===== EXERCISE INPUTS =====
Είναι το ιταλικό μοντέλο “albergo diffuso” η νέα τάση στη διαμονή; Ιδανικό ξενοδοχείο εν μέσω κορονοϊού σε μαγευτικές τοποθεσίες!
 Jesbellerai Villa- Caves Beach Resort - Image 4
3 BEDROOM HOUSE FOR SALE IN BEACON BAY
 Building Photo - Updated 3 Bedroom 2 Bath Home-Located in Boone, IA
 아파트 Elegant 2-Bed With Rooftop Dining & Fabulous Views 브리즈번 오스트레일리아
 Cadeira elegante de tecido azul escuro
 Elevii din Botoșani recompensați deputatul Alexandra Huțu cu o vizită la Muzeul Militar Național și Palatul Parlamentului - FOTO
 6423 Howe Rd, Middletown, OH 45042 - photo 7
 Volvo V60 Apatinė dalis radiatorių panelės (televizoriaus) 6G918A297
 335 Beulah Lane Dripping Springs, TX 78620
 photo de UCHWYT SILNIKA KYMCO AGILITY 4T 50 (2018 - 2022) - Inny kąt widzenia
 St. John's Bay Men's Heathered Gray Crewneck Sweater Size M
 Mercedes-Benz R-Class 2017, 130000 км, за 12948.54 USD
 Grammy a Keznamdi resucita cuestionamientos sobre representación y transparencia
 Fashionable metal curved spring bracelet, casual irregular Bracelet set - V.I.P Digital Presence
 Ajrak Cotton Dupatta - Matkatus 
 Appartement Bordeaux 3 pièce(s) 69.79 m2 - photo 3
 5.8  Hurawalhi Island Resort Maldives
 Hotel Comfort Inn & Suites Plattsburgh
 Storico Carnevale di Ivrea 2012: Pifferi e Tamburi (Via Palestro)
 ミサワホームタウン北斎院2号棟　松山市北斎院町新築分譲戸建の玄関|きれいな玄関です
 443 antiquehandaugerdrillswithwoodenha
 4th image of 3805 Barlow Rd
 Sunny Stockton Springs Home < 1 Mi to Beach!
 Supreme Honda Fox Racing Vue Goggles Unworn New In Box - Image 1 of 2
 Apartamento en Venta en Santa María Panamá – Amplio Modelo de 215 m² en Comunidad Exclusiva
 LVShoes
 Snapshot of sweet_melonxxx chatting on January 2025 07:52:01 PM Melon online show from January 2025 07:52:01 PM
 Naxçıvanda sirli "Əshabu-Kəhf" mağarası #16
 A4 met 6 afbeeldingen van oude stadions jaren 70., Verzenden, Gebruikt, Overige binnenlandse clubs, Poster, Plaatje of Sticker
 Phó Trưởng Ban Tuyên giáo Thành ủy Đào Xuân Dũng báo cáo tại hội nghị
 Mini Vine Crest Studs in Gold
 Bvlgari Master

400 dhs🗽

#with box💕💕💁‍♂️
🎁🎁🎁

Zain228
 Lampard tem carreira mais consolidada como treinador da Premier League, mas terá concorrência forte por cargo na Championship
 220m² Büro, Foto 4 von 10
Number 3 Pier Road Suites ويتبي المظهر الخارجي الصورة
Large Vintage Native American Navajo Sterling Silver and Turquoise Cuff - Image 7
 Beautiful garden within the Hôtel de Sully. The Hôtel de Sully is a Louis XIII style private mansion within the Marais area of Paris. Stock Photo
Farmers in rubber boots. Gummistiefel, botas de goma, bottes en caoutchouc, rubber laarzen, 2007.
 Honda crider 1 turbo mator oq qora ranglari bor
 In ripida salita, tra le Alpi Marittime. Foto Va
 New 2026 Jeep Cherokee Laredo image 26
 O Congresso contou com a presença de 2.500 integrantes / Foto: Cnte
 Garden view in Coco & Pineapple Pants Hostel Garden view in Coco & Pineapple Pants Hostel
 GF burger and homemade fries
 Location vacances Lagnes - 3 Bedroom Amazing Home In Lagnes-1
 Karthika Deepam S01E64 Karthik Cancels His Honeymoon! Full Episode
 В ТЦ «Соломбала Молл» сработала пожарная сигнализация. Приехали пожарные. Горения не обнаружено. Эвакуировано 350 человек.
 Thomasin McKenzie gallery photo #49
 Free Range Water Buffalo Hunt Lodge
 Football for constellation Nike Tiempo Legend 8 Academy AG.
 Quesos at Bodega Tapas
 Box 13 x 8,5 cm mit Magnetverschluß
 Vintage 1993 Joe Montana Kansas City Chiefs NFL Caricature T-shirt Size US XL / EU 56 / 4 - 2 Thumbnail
=====
§ **WORK TASK**:
For the listing above, state how many lines contain the word "Beach", with no other words.

§ **SOLUTION FOR THIS PROBLEM**:
2